A recent post on this blog described the inability of qualitative point-of-care (POC) hCG tests to detect hCG when it was present in urine or serum at a concentration that should, according to the test manufacturer, always be detected. The inability of these devices to detect hCG is a serious concern.

A false-negative result from a home pregnancy test can be initially disappointing if a pregnancy is desired or a temporary relief if it is not. By contrast, a false-negative result in the health care setting can result in serious harm to the fetus if a patient who is assumed to not be preganant undergo interventions that are potentially harmul to the pregnancy.
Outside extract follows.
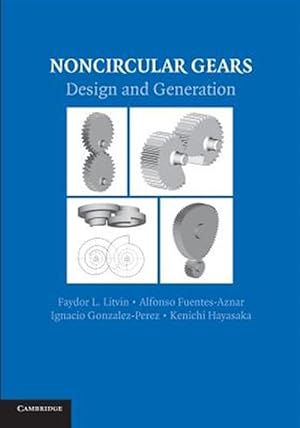 Seller image for Noncircular Gears : Design and Generation for sale by GreatBookPricesUK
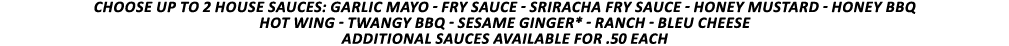Choose up to 2 House Sauces: Garlic Mayo - Fry Sauce - Sriracha Fry Sauce - Honey Mustard - Honey BBQ Hot Wing - Twan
A recent case report has been published that, like other reports, emphasizes the limitations of qualitative urine hCG testing. The case describes a young woman who required radioactive iodine therapy for Grave's disease. Importantly, this young woman was also recently pregnant. That fact would likely not have been discovered had the physician relied on a qualitative urine hCG test. Fortunately, the laboratory had performed a quantiative urine hCG test (note that quantitative hCG tests using urine may be performed by the lab but the results are reported as qualitative (e.g. yes or no) and not the actual hCG concentration) which was interpreted as "positive" because the measured hCG concentration was greater than the lab's cutoff of less than or equal to 5 IU/L (it was 12 IU/L). A serum hCG test performed the same day produced a result 15 IU/L (not pregnant=less than or equal to 5 IU/L). Two days later a repeat serum hCG test produced a result of 147 IU/L confirming that she was in the very early stages of pregnancy. 
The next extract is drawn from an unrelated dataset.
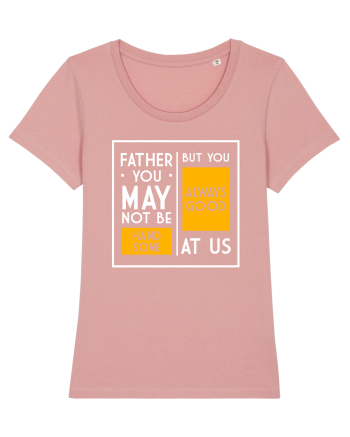 Father You May Not Be Handsome Canyon Pink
As has been noted in this blog in the past (here and here), urine hCG testing is commonly performed in the health care setting because it is convenient. However, the problems with urine hCG tests are so numerous (see here and here) that urine hCG testing should not be relied upon to determine a patient's pregnancy status.

The authors of the case described above correctly point out that the detection thresholds of most qualitative urine hCG tests are stated to be 20–50 IU/L (recent evidence suggest these cutoffs are not always accurate). Further, they call for more sensitive qualitative urine hCG tests in order to decrease the number of false-negative hCG results in the health care setting and suggest that a detection threshold of 5 IU/L (which is the same threshold used for interpreting quantitative serum hCG tests) should be used. Interestingly, this conclusion is similar to the one my group suggested in regards to qualitative serum hCG testing.

I am in complete agreement that when it comes to the detection of early pregnancy, hCG tests that are capable of accurately detecting and/or measuring hCG are required. Currently, this means that serum hCG tests should be used exclusively, in the health care setting, for this purpose. To rely on less sensitive tests and less accurate urine hCG tests is a disservice to our patients.